Da quella data, però, di quest’opera si sono registrate solo rare messe in scena, anche per colpa di una trama assai arzigogolata, eccessivamente densa di citazioni, dove Boito intendeva esprimere l’antitesi fra il bene e il male nel contrasto fra la decadenza del mondo pagano romano e gli albori del nascente cristianesimo, in una sorta di “Ben Hur” ante litteram. Uno dei rari e più felici ripescaggi italiani risale al 1975 e avvenne presso l’Auditorium Rai di Torino, con sul podio un direttore del calibro di Gianandrea Gavazzeni, molto coinvolto dagli aspetti innovativi della partitura. Esito eccellente, che ancora fortunatamente possiamo ascoltare in un cofanetto di 2 cd Bongiovanni e su Youtube.

Non è un caso che questa nuova resurrezione abbia luogo a Cagliari, dove il locale Teatro lirico si sta specializzando in questi coraggiosi recuperi, dopo le inaugurazioni dedicate alla musica del Novecento italiano con “La campana sommersa” nel 2016 e “La bella dormente” nel 2017, entrambe a firma di Ottorino Respighi, “Turandot” di Busoni nel 2018, “Palla de’ Mozzi” di Marinuzzi nel 2020, “Cecilia” di Refice nel 2022, “Gloria” di Cilea nel 2023.

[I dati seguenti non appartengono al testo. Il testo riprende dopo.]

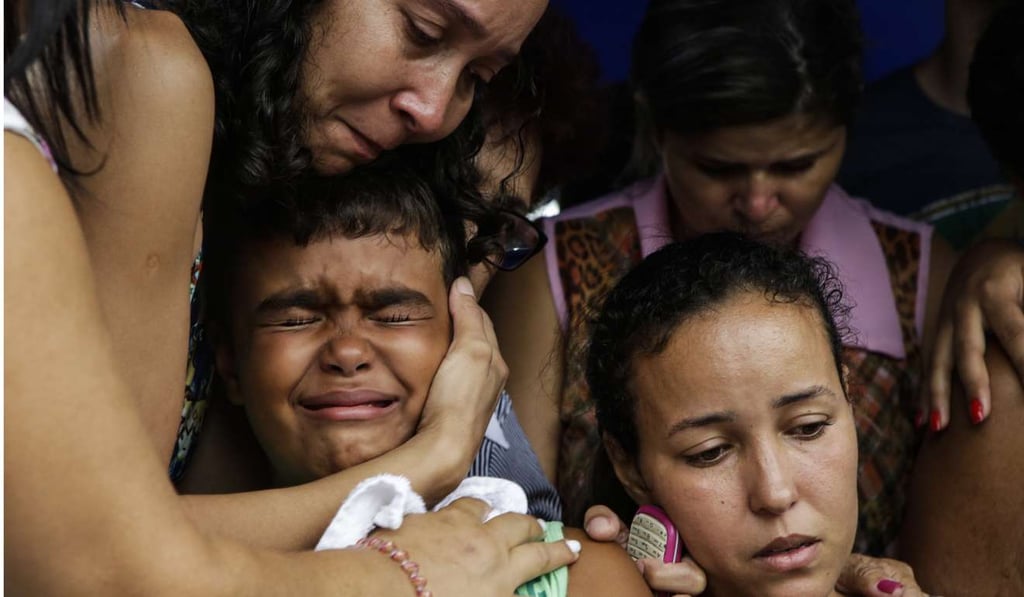 Kailua, centre, son of slain civil police officer Mario Marcelo de Albuquerque Espirito, is comforted during his father's funeral on Wednesday, alongside his mother Patricia Albuquerque, right, in Serra in Brazil’s Espirito Santo state. Espirito was shot to death when he tried to stop a robbery. Photo: AP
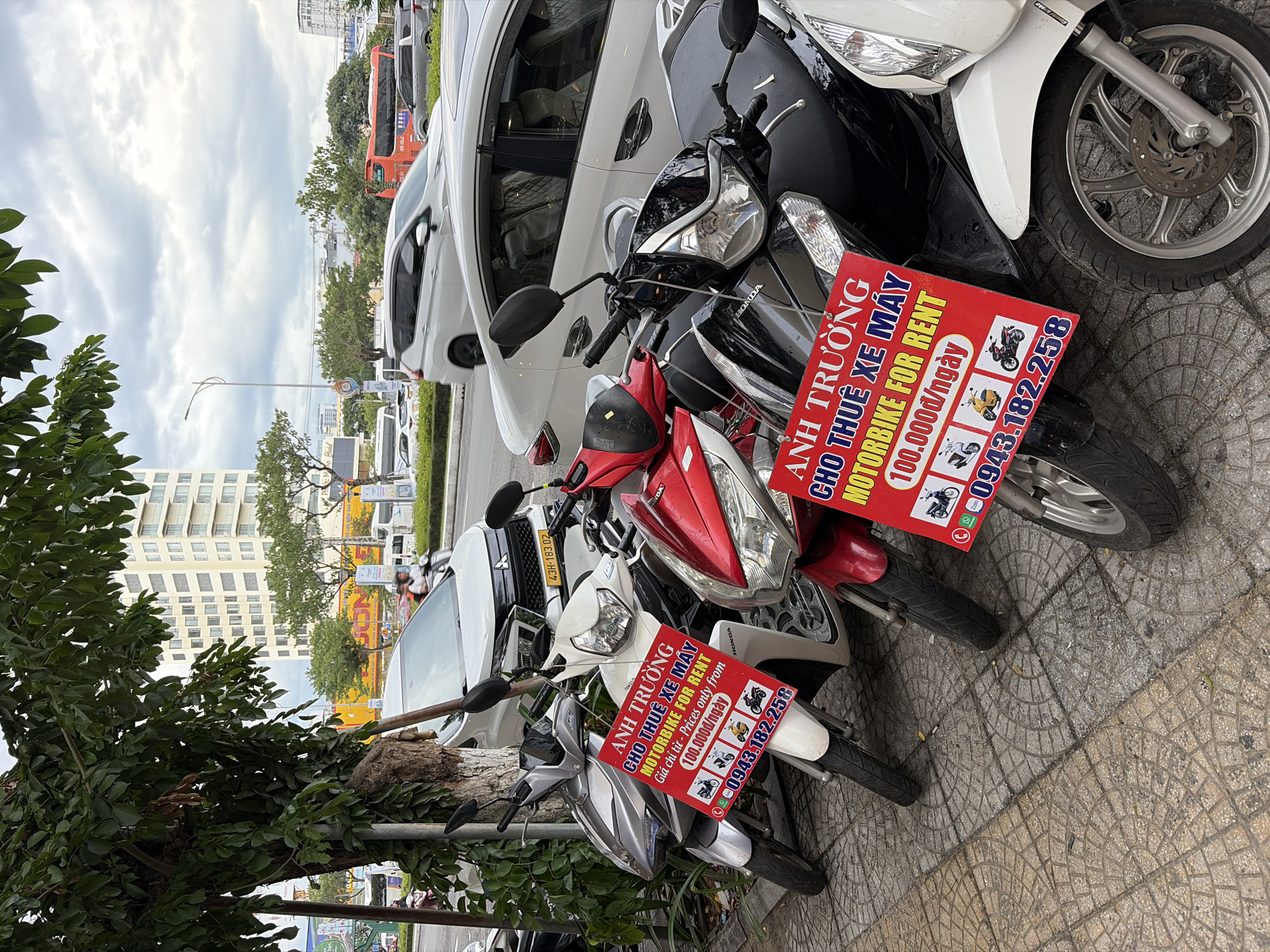 A street scene in Da Nang, Vietnam, features several parked motorbikes for rent, indicated by red signs with Vietnamese text and English translations. The signs display a phone number, "0943.182.258," and prices, "100.000đ/ngày" (100,000 VND/day), along with icons representing different motorbike models. The motorbikes are parked on a paved sidewalk next to a street with moving traffic. In the background, a white car and a tall, modern building are visible. The sky is overcast.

Questa volta tocca dunque al “Nerone”, con la direzione musicale di Francesco Cilluffo, giovane direttore che apprezza il repertorio del nostro troppo spesso trascurato Novecento storico, mentre nel ruolo dell’imperatore romano si avvicenderanno due tenori d’origine georgiana: Mikheil Sheshaberidze (9-11-14-16-18 febbraio), che i melomani del San Carlo di Napoli ricorderanno nella parte di Pollione in “Norma” di Bellini, e Konstantin Kipiani (10-13-15-16-17 febbraio), esperto interprete pucciniano, con la regia firmata da Fabio Ceresa.

Affronteranno un severo impegno, perché Boito in quest’opera volle concentrare tutta la sua arte nella doppia inclinazione letteraria e musicale, aspirando con ciò a una fusione fra i due linguaggi, prendendo a modello il sommo esempio di Richard Wagner, con reminiscènse e allusioni della cui abilità compositiva gli spettatori cagliaritani potranno capacitarsi, all’ascolto, nel terzo atto, dove alcuni interventi puramente strumentali degli archi porgeranno alla memoria la eco del “Lohengrin” e dove, nell’introduzione del quarto atto, rivive l’affannoso e drammatico incedere dell’incipit della “Walchiria”. Aspirazione che, stando ad alcuni critici severi come Fedele d’Amico, fu in parte delusa, poiché il compositore era inferiore al letterato, sia nell’originalità autoriale che nella tecnica. Ma dal punto di vista storico la sua importanza è ormai affermata, grazie all’influenza che ebbe nell’ambiente musicale italiano, essendo riuscito a imporre definitivamente la cultura del melodramma e l’importanza di una prominente visione sinfonica della parte orchestrale.